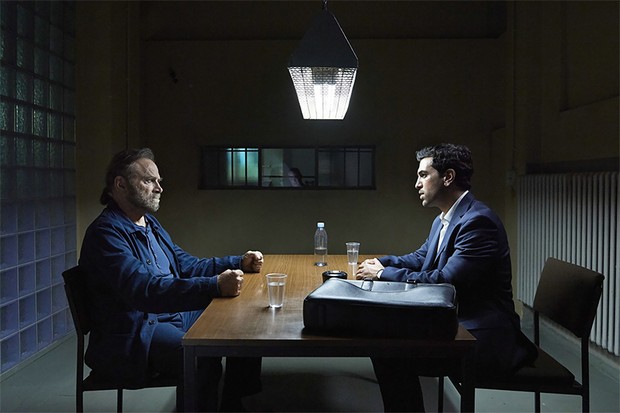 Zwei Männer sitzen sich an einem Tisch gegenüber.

__________________________________________________

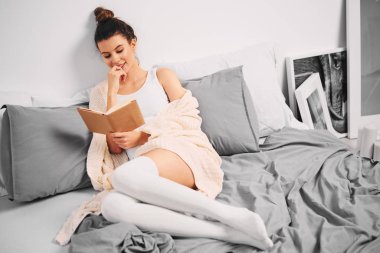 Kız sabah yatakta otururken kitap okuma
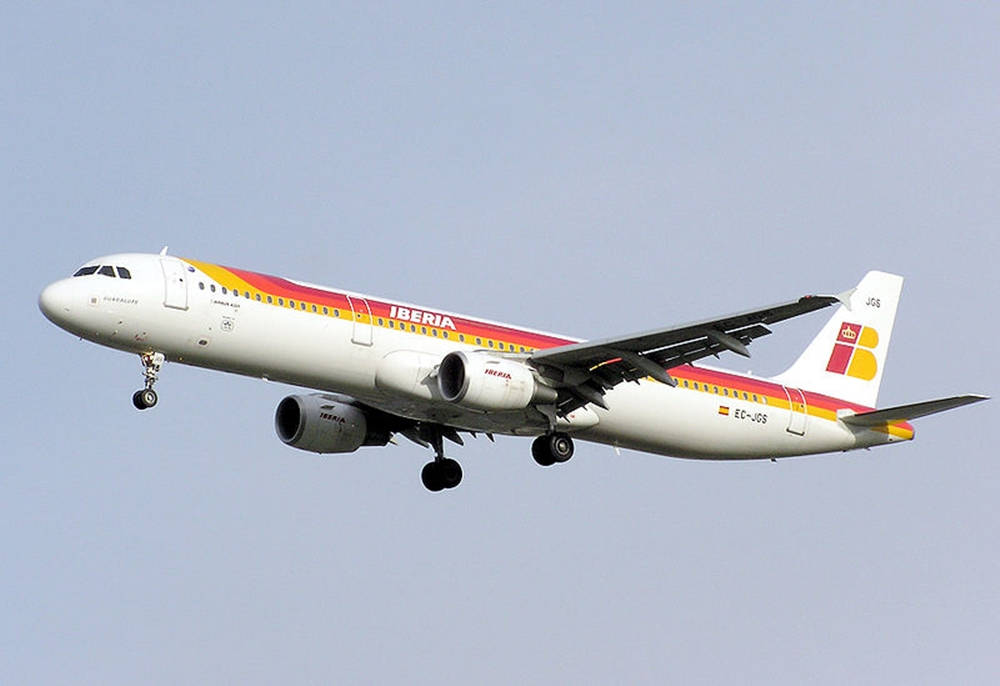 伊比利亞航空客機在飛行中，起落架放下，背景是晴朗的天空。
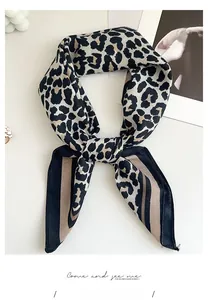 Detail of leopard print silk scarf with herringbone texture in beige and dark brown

__________________________________________________

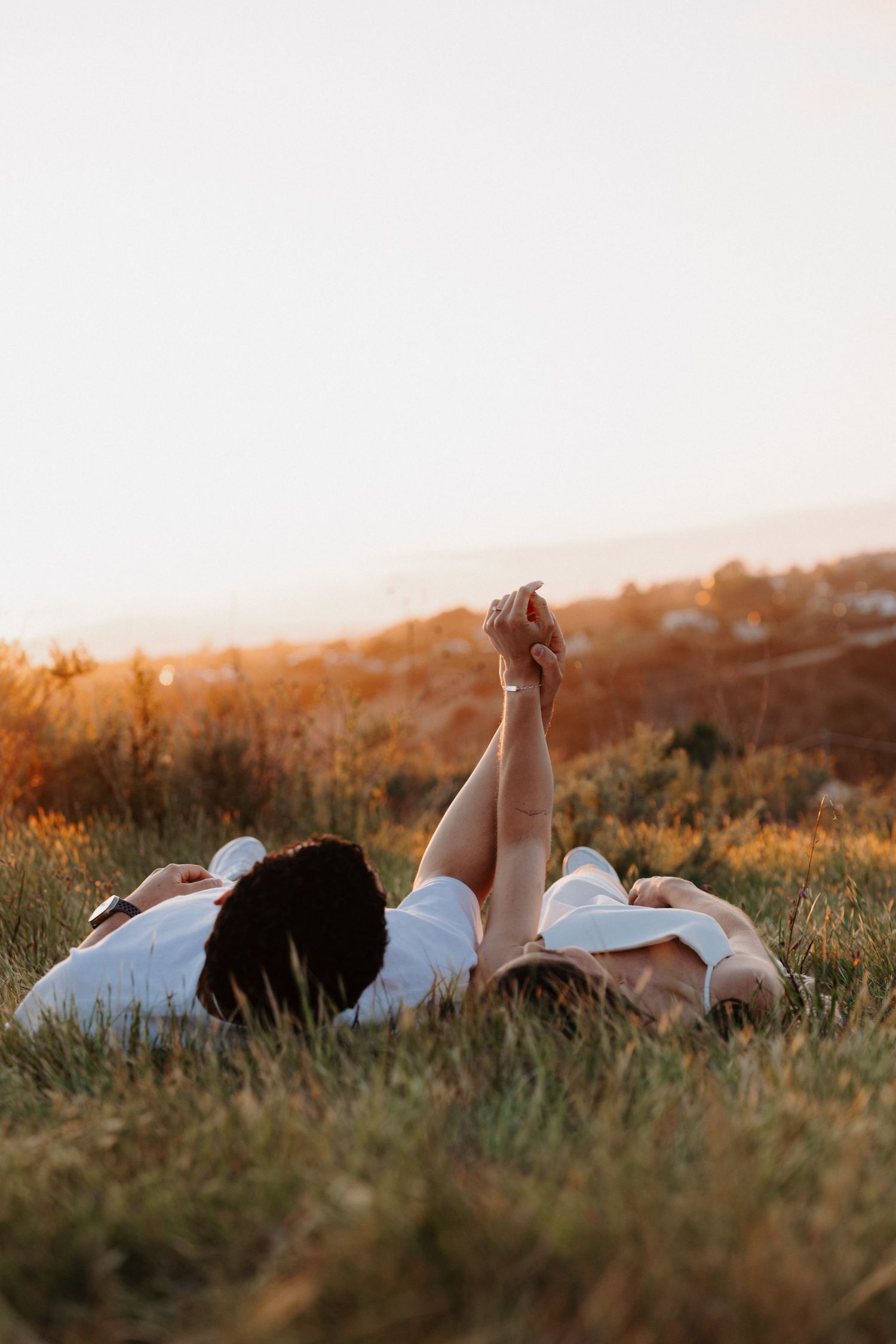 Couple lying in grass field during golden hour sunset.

__________________________________________________

*Task*.
Copy exactly the material above from the line with "Kız sabah yatakta otururken kitap okuma" to the line with "Detail of leopard", ends included, and nothing else. Leave out any picture.

*Output*.
 Kız sabah yatakta otururken kitap okuma
 伊比利亞航空客機在飛行中，起落架放下，背景是晴朗的天空。
 Detail of leopard print silk scarf with herringbone texture in beige and dark brown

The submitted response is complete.